• _What the task requires_:
When you copy from the entries that follow, take only the lines from the one with "Design Letters Letter" down to the one with "Плед Alaska Throw", keeping both ends and dropping every picture.

** Opening Data to use block **

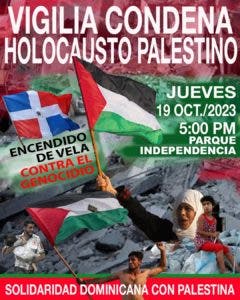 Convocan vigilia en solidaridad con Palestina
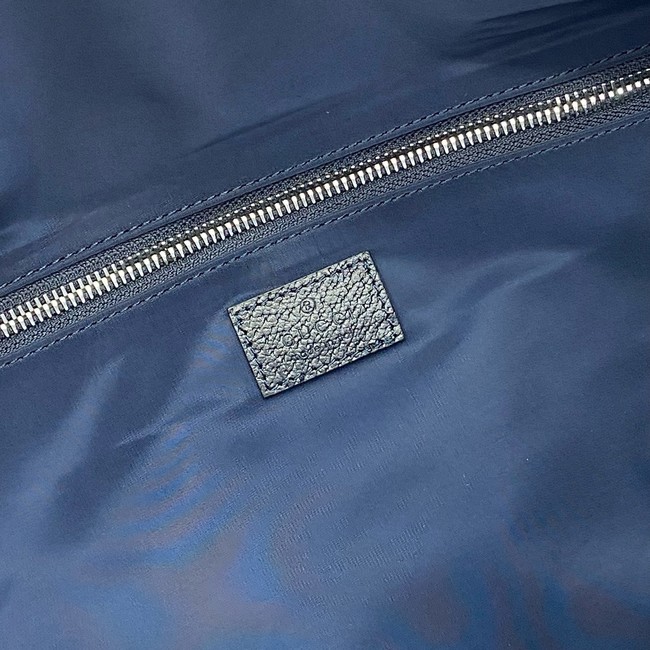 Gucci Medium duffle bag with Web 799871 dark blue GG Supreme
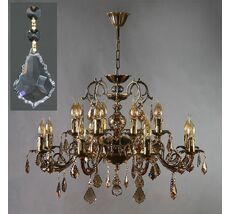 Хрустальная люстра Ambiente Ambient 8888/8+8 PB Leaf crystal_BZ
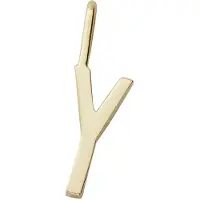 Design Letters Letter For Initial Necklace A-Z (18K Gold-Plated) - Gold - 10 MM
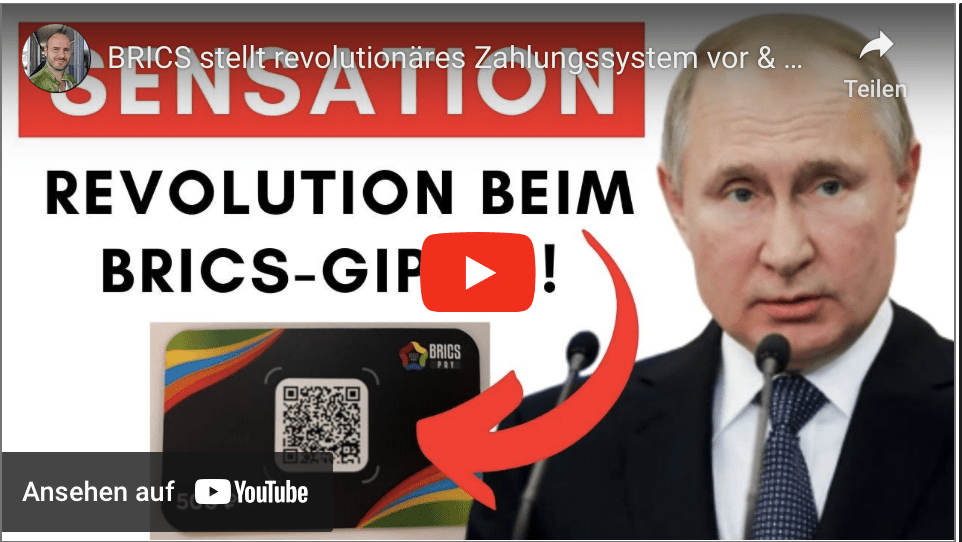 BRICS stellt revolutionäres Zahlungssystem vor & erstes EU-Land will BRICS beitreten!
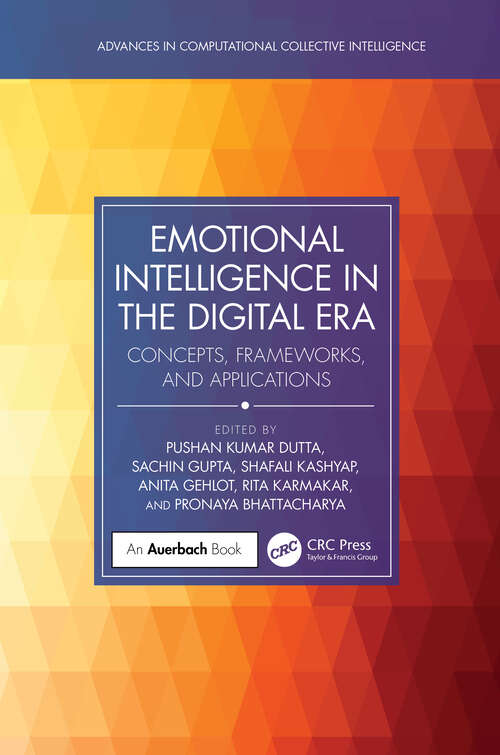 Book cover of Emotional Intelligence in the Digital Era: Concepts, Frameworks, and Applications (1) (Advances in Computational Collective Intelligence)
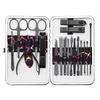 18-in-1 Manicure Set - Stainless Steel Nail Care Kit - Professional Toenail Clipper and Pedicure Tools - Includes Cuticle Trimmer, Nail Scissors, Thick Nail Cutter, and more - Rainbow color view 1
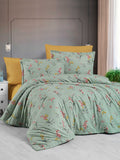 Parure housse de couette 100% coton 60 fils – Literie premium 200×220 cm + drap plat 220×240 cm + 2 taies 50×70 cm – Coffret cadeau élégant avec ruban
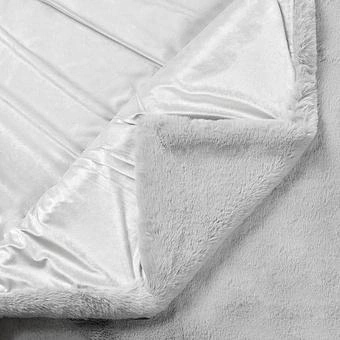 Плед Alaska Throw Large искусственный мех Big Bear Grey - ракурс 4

** Closing Data to use block **
** Opening Data to use block **

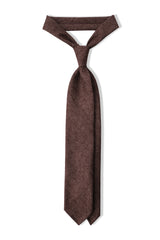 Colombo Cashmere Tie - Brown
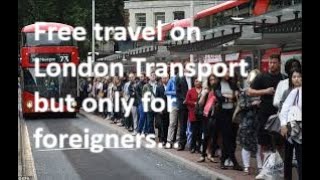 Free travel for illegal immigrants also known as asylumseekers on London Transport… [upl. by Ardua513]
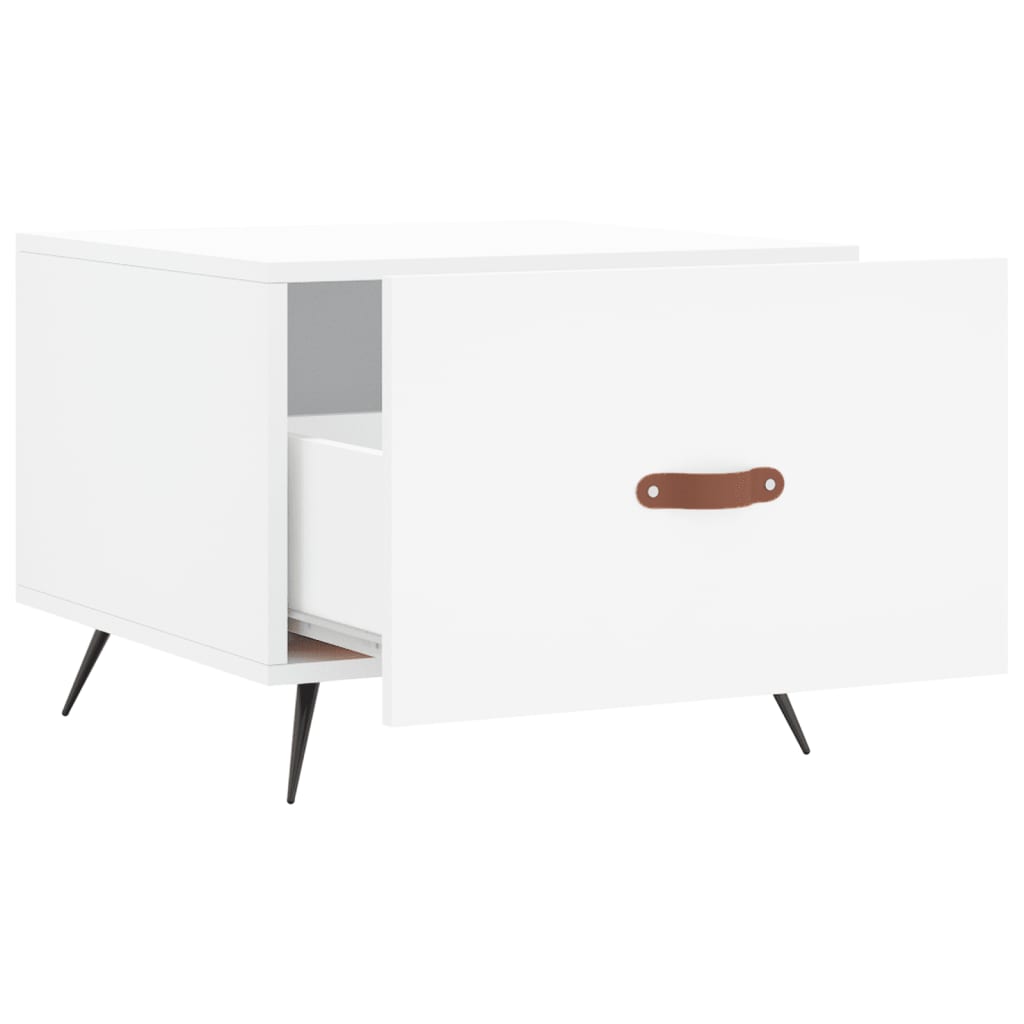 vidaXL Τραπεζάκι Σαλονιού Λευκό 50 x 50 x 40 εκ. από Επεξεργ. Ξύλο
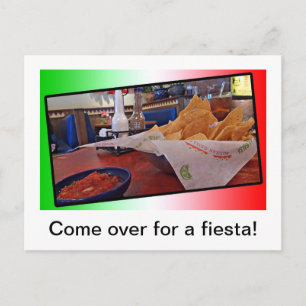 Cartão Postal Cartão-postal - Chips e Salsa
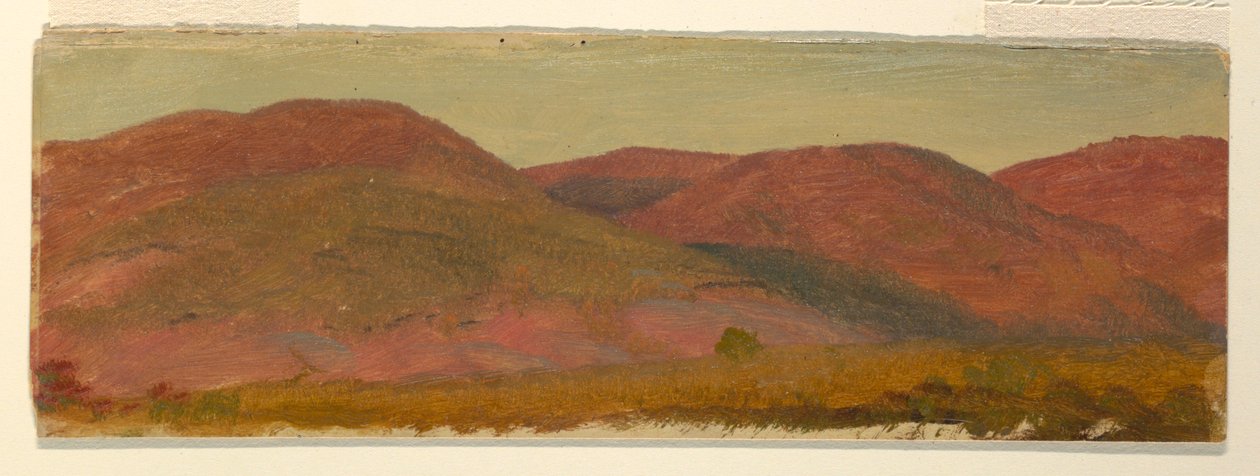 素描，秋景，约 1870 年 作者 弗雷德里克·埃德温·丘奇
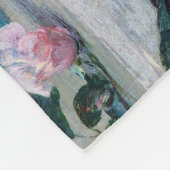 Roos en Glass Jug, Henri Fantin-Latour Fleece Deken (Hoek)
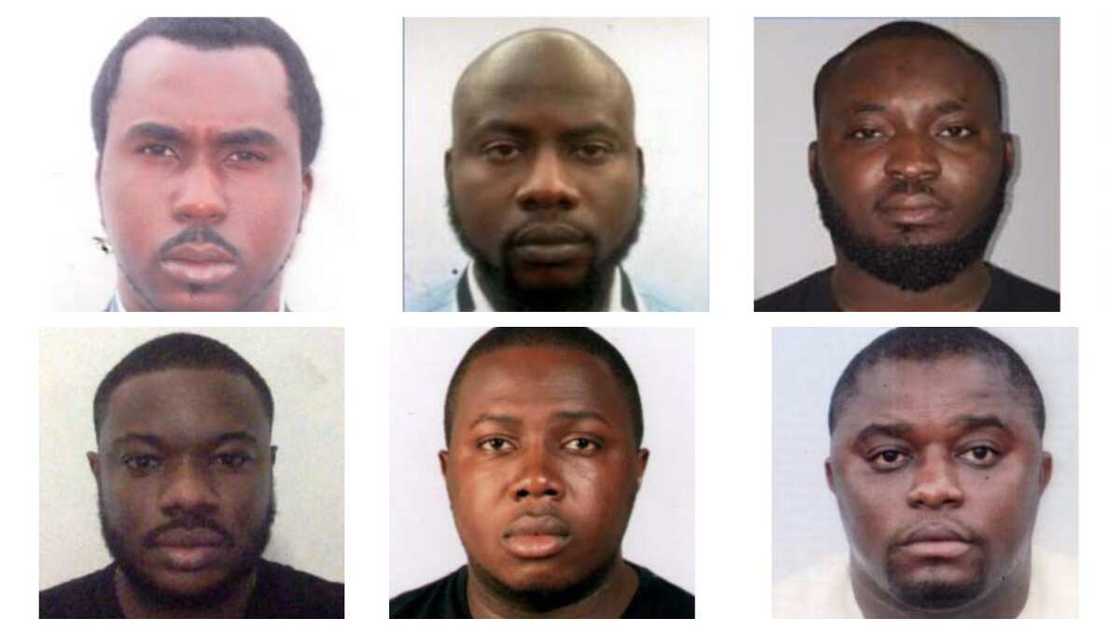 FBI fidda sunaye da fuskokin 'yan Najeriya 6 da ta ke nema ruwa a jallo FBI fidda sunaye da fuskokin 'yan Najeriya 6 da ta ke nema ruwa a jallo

** Closing Data to use block **
** Opening Data to use block **

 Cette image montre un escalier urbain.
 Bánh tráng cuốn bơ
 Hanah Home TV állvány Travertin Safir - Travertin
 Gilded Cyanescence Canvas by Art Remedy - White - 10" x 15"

** Closing Data to use block **

• _Exercise solution_:
 Design Letters Letter For Initial Necklace A-Z (18K Gold-Plated) - Gold - 10 MM
 BRICS stellt revolutionäres Zahlungssystem vor & erstes EU-Land will BRICS beitreten!
 Book cover of Emotional Intelligence in the Digital Era: Concepts, Frameworks, and Applications (1) (Advances in Computational Collective Intelligence)
 18-in-1 Manicure Set - Stainless Steel Nail Care Kit - Professional Toenail Clipper and Pedicure Tools - Includes Cuticle Trimmer, Nail Scissors, Thick Nail Cutter, and more - Rainbow color view 1
 Parure housse de couette 100% coton 60 fils – Literie premium 200×220 cm + drap plat 220×240 cm + 2 taies 50×70 cm – Coffret cadeau élégant avec ruban
 Плед Alaska Throw Large искусственный мех Big Bear Grey - ракурс 4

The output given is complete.